BRODIE: So how do you go about trying to do that? How do you try to go about trying to find people who have these kinds of stories and are willing to share them?
ST. ARMANT: Well, first of all, there are incredible folk artists and folk performers here in Chandler, I've met some of them and they're incredible. So I'm really interested in learning how they present and gather stories and how they tell them and how they tell them in a way that invites audiences in to tell their own stories. For myself, when I, for example, I'm really obsessed with playground songs, especially from like America's Black playgrounds from the last 100 years. But really, these are hand-clapping songs that we all know, like "Miss Mary Mac," for example. And when I perform them, first of all, I love the intergenerational response where a grandma's like, oh, I know that song, I haven't sung that in 50 years. And then her grandchild who's like 10 is like, oh, you know that song, too?

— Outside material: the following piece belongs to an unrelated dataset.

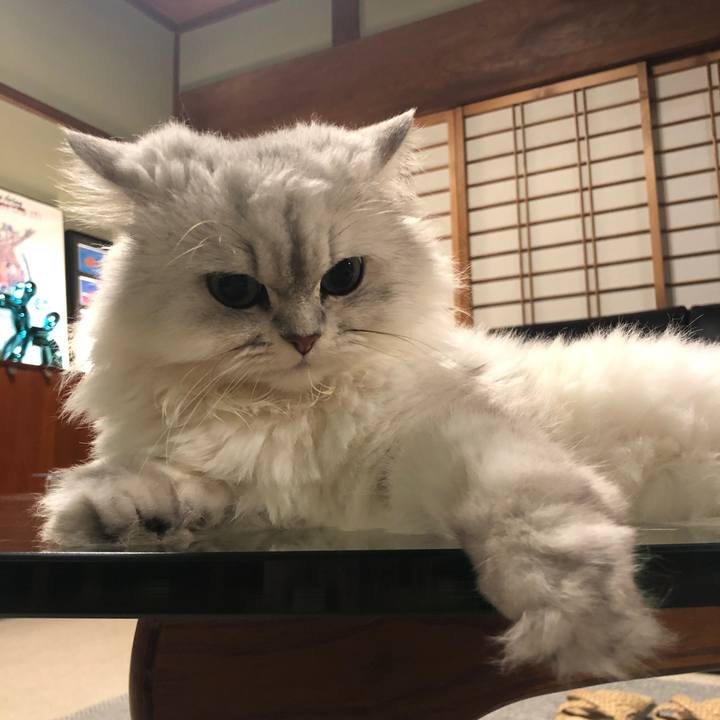 90134e46 d65e 486c a6c0 92ef8a64aee0 1564140435366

But often times after the shows, people will come up to me and say, oh, let me teach you this new one that I know. And so it sort of inspires people to share this tradition of folk music. This was the reason why I called the show "Ordinary Folks" It spurs on this natural, word of mouth sharing. And so in the way that I will share from the audience, the audience will share back with me both in the show and after, which is really exciting.
BRODIE: Is there something special do you think about specifically folk tales, folk songs like that, that can help maybe bring people together or help people understand who they are and where they came from?
ST. ARMANT: 100%. That's been super true for me. I didn't realize how connected I could feel to my ancestors, people who I never met, because through their tales and this preservation of culture, I've learned that we had way more in common than I imagined. They also just became more real to me, like real people because they talk about relationships and being angry at your child and you know, things like that. And I thought I never thought about, I never thought about my ancestors in that way. Me personally, having an experience of being a person whose ancestors were enslaved, I felt a lot of shame, a lot of sadness around thinking about their lives.
And now I have a new perspective that I can say, yes, there were some very traumatic things that have happened to them, but they also experienced joy and the complication of best friends and like all these sorts of things that we experience now. And I, yes, definitely think that once we start talking, talking about that more often, and we look to these very honest preservations of culture, more honest than history books. We come to find that we are more alike our ancestors than we realize and our cultures are more alike than we realize. And I think that's a really great opportunity for us to get to know each other and to be more respectful of each other as a community.
BRODIE: I would think those connections would be super important.
ST. ARMANT: Yeah, it's been really, I feel more grounded now, especially because, because, you know, again, as a Black person in America, our last names and our culture and our, you know, music and all these sorts of things were tried to be stripped away from us, but these are the parts that we know survived. And so I feel more grounded and connected to my roots and that helps me feel like I'm stronger human being.